Shelly Gompf says she enjoys teaching because she is able to apply her 20 years of experience through stories and case studies. Her approach to teaching is to open the minds of her students, allow them to see the world through a diverse lens, and empower them to make informed decisions based on the critical thinking skills they are developing.
“My favorite part is knowing that I have some influence on the next generation of healthcare leaders,” she says. “That’s why I’m here: for the students. At the end of the day, they are what keep me coming back.”
And she will keep coming back, she says. She could see herself in this position until she retires. In fact, she’s back in school for her educational doctorate, which is beneficial to her as a student and a teacher.
“I’m passionate about the mission we’ve continued to maintain here in this school: to send forth informed men and women into the Christian life,” she says. “I think that is a strong and solid mission.”
Gompf believes that we have an obligation as we try to send them forth to be informed, that we allow diversity, we allow and are able to have open thought, and embrace and have compassion for everyone around us.
Born and raised in Belgrade, Minn., Gompf always knew she wanted to attend Concordia. So, despite having to face difficult family and financial circumstances, she made her dream of attending Concordia come true. She worked two full-time jobs to pay her first tuition bill.
Entering Concordia, Gompf chose to major in public relations. She was put on academic probation because of her low high school ACT score and was restricted to 12 credits and lost some aid. But with her grit, Gompf found grants and other funding through the Financial Aid Office to support her. She graduated cum laude with a double major in business and organizational communication.
Following graduation, Gompf landed a job at Great Plains Software (now Microsoft), in which she traveled as part of the team that integrated cultures into the companies they acquired. But as she was starting to raise a family, the traveling became too much, so she started to work in the human resources office here at Concordia.
Soon, she was recruited to be the vice president of Innovis Health (now Essentia Health) and later worked as the vice president of human resources and operations at a small hospital through Catholic Health Initiatives. Eventually, she and her husband decided to move their family back to the Fargo-Moorhead area to be closer to family.

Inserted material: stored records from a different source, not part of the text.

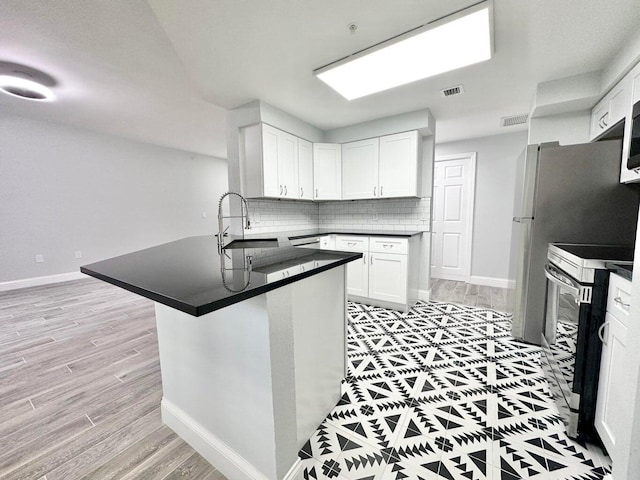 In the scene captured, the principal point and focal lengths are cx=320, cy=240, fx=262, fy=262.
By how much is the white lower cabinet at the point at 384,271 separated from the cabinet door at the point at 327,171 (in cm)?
70

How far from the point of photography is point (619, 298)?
1.12m

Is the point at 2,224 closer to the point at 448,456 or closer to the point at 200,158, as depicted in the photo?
the point at 200,158

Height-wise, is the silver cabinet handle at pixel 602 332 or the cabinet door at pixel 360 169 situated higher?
the cabinet door at pixel 360 169

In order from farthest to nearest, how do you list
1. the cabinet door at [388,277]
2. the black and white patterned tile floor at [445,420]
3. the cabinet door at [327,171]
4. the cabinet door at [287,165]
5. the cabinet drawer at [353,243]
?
the cabinet door at [327,171] < the cabinet drawer at [353,243] < the cabinet door at [287,165] < the cabinet door at [388,277] < the black and white patterned tile floor at [445,420]

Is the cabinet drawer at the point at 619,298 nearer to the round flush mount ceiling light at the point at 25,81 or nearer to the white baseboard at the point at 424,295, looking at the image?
the white baseboard at the point at 424,295

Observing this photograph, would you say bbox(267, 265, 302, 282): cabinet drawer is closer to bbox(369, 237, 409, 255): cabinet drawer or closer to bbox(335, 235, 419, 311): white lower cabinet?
bbox(335, 235, 419, 311): white lower cabinet

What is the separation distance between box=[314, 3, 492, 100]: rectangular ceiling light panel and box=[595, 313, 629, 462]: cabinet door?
175 cm

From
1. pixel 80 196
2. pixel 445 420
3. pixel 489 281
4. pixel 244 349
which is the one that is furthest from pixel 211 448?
pixel 80 196

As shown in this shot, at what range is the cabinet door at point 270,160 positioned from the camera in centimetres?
289

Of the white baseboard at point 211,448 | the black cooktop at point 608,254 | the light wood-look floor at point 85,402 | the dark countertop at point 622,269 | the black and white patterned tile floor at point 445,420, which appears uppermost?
the black cooktop at point 608,254

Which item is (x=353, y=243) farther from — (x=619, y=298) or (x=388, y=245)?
(x=619, y=298)

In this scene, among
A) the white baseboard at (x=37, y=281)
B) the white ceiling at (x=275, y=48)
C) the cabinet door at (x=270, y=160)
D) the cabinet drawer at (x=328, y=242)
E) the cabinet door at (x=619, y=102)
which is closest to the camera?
the white ceiling at (x=275, y=48)

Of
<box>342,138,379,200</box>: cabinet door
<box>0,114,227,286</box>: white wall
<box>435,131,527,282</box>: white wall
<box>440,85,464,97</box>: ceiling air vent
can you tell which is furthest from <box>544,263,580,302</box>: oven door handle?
<box>0,114,227,286</box>: white wall

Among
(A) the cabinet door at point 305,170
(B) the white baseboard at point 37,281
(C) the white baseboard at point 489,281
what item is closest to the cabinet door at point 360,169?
(A) the cabinet door at point 305,170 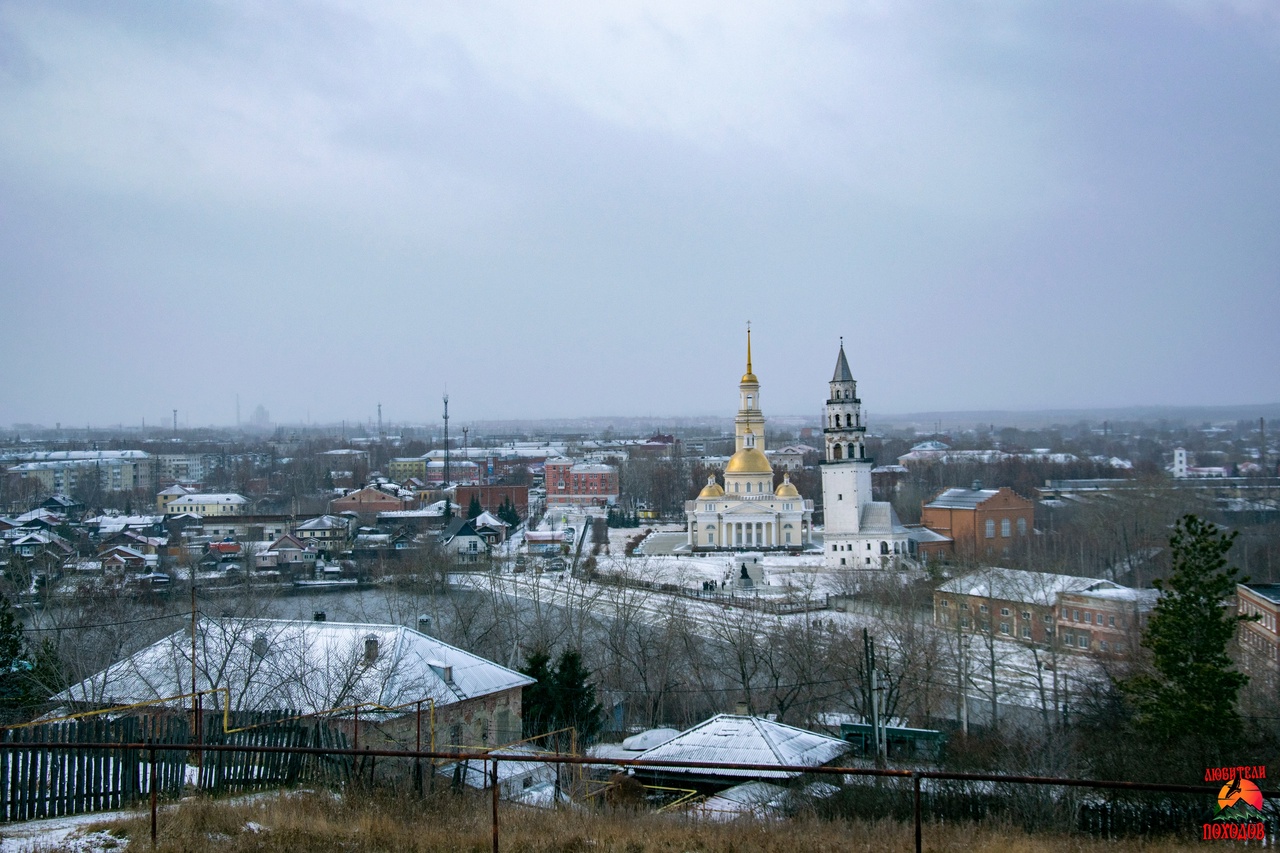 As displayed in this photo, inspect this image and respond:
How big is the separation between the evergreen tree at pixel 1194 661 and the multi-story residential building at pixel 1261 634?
14.1 feet

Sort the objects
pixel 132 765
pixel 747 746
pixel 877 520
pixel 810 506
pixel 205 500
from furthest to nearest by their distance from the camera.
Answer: pixel 205 500, pixel 810 506, pixel 877 520, pixel 747 746, pixel 132 765

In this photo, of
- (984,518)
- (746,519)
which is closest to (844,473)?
(746,519)

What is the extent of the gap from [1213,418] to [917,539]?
93.8 meters

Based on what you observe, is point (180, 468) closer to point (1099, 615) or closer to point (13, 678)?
point (13, 678)

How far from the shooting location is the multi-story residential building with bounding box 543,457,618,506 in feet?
185

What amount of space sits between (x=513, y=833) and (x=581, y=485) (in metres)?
52.1

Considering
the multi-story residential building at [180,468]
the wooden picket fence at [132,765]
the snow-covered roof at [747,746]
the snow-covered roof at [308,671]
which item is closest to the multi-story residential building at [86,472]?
the multi-story residential building at [180,468]

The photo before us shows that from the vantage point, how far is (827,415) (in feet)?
113

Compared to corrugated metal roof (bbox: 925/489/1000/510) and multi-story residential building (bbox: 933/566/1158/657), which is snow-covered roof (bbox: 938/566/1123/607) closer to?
multi-story residential building (bbox: 933/566/1158/657)

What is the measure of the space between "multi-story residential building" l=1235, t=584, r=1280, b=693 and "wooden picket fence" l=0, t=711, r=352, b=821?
12.8 m

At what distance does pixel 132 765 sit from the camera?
6.48 m

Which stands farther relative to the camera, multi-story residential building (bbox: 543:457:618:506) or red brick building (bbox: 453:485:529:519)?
multi-story residential building (bbox: 543:457:618:506)

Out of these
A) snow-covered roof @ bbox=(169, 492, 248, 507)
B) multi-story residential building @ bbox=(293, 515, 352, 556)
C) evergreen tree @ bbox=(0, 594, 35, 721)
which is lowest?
multi-story residential building @ bbox=(293, 515, 352, 556) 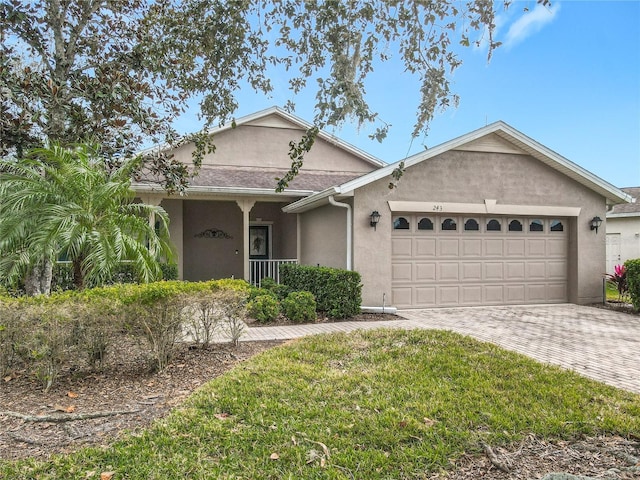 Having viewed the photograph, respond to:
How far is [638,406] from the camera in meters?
4.20

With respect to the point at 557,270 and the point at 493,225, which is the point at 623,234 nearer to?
the point at 557,270

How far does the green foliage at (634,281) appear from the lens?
10656 millimetres

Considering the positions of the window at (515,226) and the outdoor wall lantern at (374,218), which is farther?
the window at (515,226)

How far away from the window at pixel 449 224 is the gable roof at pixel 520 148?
5.80 feet

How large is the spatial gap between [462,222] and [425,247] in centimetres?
134

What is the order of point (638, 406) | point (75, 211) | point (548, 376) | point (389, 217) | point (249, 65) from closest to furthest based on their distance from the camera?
point (638, 406), point (249, 65), point (548, 376), point (75, 211), point (389, 217)

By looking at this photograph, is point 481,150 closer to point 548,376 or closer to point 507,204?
point 507,204

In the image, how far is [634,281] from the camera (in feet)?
35.3

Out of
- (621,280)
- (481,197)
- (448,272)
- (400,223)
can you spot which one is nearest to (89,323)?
(400,223)

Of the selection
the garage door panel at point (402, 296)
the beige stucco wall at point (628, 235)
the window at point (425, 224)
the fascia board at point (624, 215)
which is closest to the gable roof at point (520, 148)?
the window at point (425, 224)

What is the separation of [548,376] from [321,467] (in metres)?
3.29

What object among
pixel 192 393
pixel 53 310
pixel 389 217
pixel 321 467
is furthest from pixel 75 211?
pixel 389 217

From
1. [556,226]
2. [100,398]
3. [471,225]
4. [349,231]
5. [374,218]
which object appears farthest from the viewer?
[556,226]

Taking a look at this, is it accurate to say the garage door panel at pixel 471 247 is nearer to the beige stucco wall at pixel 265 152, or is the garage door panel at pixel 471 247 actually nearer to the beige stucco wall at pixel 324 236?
the beige stucco wall at pixel 324 236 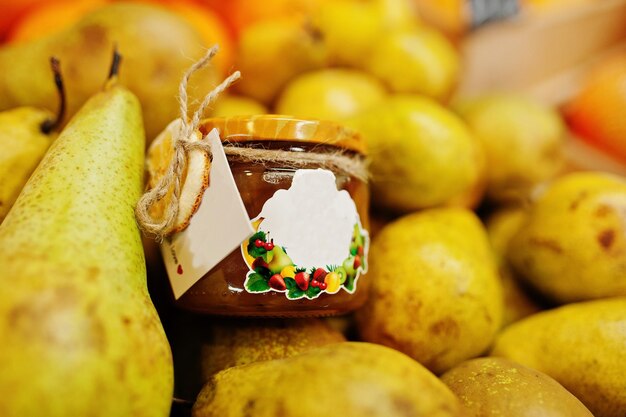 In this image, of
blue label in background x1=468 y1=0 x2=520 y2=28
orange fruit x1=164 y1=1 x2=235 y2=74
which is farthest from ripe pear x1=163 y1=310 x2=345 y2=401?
blue label in background x1=468 y1=0 x2=520 y2=28

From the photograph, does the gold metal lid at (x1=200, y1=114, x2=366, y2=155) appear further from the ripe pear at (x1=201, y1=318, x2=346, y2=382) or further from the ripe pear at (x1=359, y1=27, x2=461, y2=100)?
the ripe pear at (x1=359, y1=27, x2=461, y2=100)

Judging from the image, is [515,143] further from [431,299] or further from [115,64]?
[115,64]

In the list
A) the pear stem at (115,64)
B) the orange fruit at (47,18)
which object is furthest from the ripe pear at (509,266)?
the orange fruit at (47,18)

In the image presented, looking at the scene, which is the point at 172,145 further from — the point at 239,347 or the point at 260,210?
the point at 239,347

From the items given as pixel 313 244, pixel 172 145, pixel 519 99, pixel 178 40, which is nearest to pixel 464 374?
pixel 313 244

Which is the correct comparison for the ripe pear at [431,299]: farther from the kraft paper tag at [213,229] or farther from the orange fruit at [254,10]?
the orange fruit at [254,10]

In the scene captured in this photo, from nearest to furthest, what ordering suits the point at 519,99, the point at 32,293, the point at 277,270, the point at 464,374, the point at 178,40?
the point at 32,293 < the point at 277,270 < the point at 464,374 < the point at 178,40 < the point at 519,99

Back in the community once again, she consulted for Vogel Law Firm.
When Gompf saw the position of director of healthcare leadership open up at Concordia, she knew she had to seize the rare opportunity to be the third director in the entirety of the 53-year program and, in 2014, she was hired as a full-time faculty member.
Her coursework includes Human Resources Management, Healthcare Delivery, Healthcare Law, Public Health, and Healthcare Administration Health Quality, and she previously taught the Emotional Intelligence Inquiry course. She also teaches graduate classes at the University of Jamestown and Minnesota State University Moorhead, specifically in healthcare and human resources.
And in the midst of her busy professional life, Gompf also stays active with her husband as they raise four girls. They keep her busy with gymnastics, drama, and volleyball. She also sings in the choir at her church and is on the board of directors of many organizations in the community, relating to music, theatre, and the arts.